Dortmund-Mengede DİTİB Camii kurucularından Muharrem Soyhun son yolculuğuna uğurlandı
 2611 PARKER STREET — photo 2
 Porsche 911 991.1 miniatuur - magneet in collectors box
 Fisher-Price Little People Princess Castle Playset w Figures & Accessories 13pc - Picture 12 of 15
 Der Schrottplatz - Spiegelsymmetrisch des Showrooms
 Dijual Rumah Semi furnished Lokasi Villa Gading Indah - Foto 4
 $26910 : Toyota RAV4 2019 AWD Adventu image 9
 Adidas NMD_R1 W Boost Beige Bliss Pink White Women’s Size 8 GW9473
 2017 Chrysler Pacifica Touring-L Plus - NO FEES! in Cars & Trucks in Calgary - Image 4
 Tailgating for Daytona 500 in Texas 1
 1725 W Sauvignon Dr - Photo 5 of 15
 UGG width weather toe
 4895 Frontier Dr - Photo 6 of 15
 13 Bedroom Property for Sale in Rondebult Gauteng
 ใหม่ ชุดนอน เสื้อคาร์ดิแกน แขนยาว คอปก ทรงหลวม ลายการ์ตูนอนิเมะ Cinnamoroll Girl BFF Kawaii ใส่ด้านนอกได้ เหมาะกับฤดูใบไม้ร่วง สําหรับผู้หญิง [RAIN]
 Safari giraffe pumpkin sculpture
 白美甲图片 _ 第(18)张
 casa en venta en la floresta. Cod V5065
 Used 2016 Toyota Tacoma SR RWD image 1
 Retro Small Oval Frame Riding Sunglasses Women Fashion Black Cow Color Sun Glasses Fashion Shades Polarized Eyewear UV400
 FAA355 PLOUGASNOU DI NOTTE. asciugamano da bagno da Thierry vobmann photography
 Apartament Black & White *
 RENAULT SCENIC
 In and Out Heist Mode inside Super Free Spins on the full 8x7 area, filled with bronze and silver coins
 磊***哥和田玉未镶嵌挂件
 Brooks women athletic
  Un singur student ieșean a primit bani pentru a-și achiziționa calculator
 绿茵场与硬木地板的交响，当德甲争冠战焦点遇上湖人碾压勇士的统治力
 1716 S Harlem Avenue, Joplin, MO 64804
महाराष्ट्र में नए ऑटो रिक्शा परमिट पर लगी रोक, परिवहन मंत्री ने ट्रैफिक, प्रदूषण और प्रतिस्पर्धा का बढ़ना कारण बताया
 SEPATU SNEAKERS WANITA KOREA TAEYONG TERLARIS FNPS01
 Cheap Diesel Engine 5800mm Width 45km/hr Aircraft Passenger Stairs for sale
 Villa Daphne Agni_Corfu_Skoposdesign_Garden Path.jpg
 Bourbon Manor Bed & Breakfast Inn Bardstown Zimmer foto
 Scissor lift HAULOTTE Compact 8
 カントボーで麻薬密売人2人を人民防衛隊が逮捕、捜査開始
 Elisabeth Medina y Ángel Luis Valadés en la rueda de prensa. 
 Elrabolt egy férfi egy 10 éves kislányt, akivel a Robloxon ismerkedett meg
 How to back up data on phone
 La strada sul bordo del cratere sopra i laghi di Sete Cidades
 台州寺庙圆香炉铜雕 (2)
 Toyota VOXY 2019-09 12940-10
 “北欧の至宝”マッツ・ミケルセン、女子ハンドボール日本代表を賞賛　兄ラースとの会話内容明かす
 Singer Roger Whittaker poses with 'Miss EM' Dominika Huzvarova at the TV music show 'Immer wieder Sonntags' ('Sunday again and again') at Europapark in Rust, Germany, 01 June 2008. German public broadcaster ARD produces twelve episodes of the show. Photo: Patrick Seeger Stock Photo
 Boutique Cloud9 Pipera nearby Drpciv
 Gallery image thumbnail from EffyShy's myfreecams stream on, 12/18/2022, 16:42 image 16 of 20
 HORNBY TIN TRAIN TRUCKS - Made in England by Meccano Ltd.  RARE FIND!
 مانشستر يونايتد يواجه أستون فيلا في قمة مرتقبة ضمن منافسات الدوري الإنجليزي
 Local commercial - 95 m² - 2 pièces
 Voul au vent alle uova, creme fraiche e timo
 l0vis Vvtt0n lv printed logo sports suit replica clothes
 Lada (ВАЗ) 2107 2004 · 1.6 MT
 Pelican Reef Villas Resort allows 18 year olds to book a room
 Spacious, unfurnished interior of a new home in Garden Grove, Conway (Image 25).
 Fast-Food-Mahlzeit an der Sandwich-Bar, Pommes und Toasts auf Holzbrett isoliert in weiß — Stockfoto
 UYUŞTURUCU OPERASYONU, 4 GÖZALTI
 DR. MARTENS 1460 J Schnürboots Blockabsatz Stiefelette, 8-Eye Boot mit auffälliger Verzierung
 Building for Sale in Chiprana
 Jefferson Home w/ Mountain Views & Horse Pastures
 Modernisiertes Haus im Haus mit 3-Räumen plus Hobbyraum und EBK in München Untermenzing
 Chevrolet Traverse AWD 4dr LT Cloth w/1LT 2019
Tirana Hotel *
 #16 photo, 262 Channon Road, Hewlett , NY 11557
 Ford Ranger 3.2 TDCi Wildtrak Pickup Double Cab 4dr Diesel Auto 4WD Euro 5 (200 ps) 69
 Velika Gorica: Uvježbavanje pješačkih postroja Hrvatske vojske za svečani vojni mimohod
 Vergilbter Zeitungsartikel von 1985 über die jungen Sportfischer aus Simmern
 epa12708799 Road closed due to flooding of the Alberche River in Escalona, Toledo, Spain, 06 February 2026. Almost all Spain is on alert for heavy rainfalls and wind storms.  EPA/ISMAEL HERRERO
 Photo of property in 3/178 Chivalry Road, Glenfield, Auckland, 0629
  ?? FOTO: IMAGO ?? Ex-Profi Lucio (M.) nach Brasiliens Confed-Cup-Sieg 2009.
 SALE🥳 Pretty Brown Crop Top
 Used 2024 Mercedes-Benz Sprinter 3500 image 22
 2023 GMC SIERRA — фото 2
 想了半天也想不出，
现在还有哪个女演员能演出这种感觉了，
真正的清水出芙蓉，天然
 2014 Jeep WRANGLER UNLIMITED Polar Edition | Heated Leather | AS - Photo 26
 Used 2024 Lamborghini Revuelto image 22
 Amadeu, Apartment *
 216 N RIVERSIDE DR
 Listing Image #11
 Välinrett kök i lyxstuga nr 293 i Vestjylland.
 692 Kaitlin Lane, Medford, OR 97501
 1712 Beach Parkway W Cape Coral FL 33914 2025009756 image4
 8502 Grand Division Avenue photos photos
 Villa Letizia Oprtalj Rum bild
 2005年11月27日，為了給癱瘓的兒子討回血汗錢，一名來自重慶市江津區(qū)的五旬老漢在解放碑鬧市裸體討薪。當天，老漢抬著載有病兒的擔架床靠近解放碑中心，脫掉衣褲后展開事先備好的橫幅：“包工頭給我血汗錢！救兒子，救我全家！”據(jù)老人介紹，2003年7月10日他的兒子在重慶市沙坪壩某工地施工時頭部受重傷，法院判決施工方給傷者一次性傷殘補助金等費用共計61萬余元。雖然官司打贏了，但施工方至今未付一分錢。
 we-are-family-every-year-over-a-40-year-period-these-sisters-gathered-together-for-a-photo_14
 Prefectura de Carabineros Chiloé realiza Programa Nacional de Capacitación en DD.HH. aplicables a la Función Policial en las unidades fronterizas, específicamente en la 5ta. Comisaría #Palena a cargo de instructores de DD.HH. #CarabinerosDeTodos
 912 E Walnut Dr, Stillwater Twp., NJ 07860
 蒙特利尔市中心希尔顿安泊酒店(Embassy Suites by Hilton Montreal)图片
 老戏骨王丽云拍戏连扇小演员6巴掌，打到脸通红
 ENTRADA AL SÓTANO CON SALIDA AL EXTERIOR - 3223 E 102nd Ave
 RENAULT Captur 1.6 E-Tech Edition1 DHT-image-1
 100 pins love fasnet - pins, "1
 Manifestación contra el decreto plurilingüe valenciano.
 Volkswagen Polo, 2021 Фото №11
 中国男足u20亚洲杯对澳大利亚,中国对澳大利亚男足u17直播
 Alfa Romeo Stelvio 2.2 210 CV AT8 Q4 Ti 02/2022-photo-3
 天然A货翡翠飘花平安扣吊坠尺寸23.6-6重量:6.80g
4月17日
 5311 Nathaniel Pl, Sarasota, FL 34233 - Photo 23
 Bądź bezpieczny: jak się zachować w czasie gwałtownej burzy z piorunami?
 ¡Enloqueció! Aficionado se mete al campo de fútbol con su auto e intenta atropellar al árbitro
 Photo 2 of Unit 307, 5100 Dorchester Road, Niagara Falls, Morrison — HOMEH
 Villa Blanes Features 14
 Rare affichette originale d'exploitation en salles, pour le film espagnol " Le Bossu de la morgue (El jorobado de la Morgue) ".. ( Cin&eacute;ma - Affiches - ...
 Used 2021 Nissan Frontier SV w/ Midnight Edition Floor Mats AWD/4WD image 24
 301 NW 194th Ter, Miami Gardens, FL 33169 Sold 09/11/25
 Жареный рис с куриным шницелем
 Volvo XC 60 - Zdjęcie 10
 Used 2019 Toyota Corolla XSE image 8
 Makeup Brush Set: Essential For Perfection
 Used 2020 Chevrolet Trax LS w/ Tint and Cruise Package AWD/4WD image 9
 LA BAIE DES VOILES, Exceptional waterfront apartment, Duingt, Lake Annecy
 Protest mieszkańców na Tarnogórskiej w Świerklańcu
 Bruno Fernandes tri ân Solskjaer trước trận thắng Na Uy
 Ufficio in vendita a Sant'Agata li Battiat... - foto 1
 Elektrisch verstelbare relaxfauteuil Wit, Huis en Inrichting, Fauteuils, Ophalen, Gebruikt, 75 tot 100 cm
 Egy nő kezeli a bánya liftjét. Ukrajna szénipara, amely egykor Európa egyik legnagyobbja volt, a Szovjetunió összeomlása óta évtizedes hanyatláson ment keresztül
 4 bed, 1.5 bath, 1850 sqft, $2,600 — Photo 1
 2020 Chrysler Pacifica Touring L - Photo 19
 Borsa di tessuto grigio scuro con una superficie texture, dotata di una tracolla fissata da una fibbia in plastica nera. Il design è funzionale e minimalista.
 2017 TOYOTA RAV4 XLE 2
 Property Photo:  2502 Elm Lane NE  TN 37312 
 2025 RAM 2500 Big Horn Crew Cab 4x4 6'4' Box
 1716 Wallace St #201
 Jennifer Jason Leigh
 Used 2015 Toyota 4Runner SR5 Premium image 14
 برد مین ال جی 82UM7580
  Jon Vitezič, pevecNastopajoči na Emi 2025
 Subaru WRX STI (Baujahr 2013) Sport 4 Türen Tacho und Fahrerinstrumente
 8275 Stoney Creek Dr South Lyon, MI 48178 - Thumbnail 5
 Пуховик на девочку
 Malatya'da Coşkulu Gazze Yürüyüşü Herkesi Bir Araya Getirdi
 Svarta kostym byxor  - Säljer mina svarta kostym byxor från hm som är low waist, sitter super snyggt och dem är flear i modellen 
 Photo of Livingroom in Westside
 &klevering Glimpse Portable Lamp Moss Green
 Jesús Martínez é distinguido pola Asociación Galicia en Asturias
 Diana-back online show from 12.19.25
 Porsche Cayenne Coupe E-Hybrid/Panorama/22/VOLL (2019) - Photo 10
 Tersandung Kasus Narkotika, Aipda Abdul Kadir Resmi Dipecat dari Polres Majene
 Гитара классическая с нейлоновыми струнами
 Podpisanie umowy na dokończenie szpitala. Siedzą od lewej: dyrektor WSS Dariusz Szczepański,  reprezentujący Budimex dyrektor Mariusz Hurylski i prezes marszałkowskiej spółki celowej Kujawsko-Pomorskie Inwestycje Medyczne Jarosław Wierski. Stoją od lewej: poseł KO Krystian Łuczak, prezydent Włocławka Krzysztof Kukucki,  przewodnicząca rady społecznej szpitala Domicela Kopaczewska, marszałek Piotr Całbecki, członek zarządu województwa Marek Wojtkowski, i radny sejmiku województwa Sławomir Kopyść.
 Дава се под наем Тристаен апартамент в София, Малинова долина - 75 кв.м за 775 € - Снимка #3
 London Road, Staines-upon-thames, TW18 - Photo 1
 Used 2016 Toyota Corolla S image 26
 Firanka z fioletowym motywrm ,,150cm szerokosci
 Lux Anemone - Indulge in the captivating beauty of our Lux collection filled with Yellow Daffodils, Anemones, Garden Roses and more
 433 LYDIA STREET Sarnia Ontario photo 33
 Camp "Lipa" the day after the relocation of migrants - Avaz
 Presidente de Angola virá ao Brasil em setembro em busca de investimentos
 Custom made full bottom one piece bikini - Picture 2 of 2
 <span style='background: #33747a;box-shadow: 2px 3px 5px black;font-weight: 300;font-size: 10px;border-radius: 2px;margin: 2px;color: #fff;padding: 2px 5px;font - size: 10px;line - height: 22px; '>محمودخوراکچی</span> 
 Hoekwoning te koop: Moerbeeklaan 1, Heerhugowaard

=-=-=

GOAL OF THE EXERCISE – Retype only this portion of the data above: the line containing "Presidente de Angola", the line containing "Custom made full", and all lines between them, exactly.

RESPONSE –
 Presidente de Angola virá ao Brasil em setembro em busca de investimentos
 Custom made full bottom one piece bikini - Picture 2 of 2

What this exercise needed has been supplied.